> **Exercise instructions**
Go to the line with "ג'יפ / Jeep" in the material below and copy from there through the line with "Fototapeta premium city skyline", exactly. Pictures are not copied.

> **Supplied material**
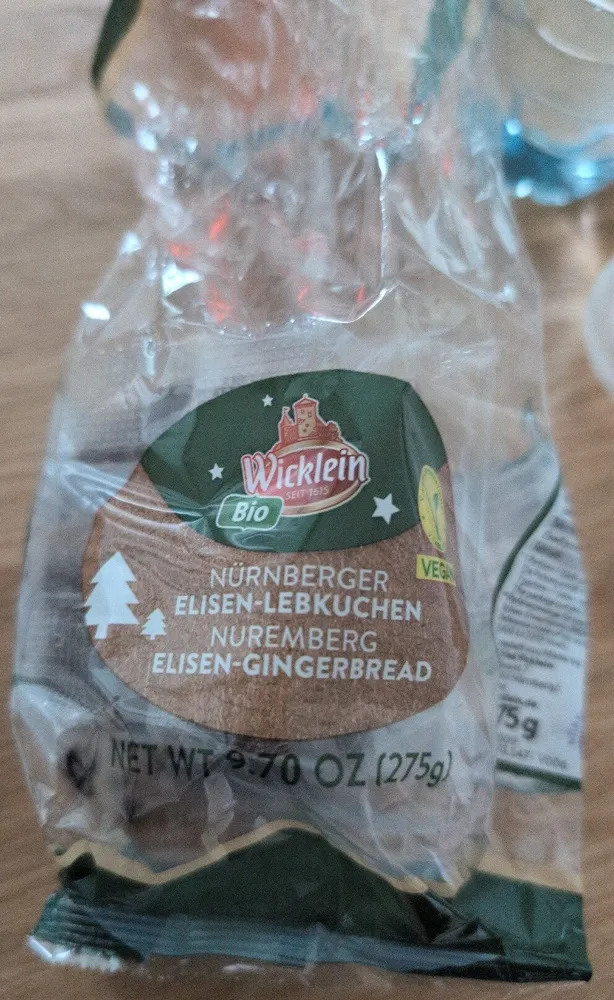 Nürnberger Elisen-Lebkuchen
---
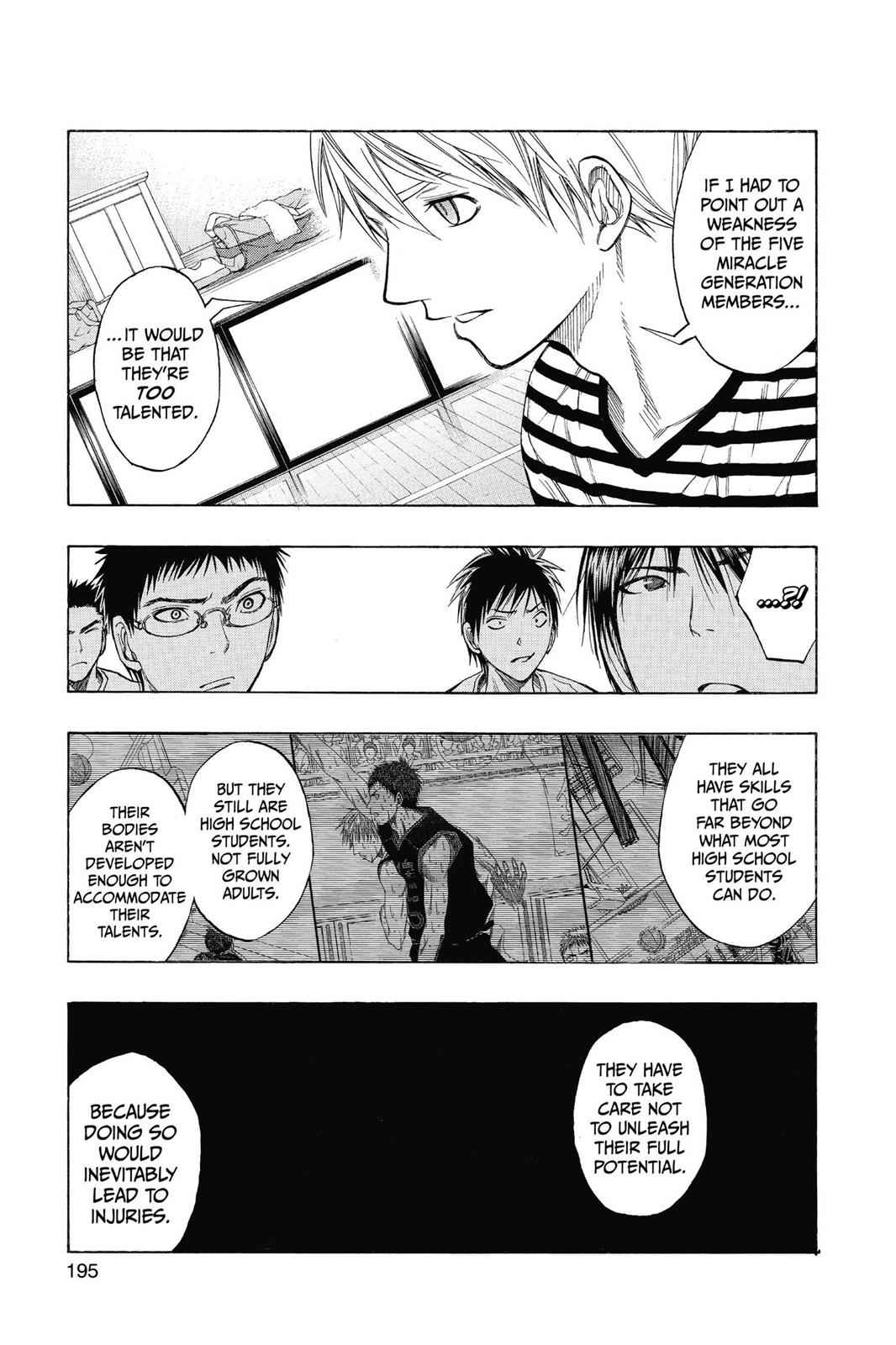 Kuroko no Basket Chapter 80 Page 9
---
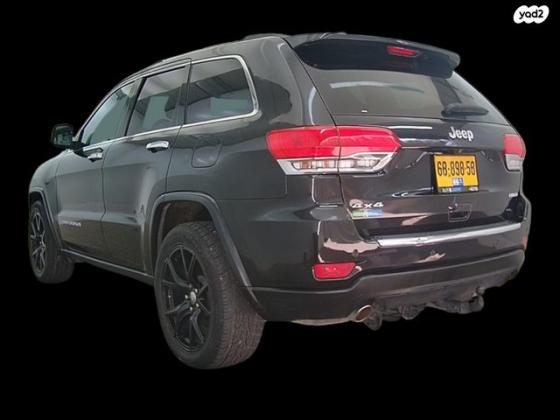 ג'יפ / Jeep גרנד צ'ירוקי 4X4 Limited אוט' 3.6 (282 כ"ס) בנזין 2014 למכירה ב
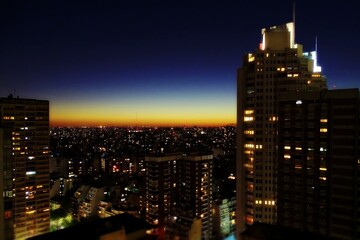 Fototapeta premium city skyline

> **Answer to this exercise**
 ג'יפ / Jeep גרנד צ'ירוקי 4X4 Limited אוט' 3.6 (282 כ"ס) בנזין 2014 למכירה ב
 Fototapeta premium city skyline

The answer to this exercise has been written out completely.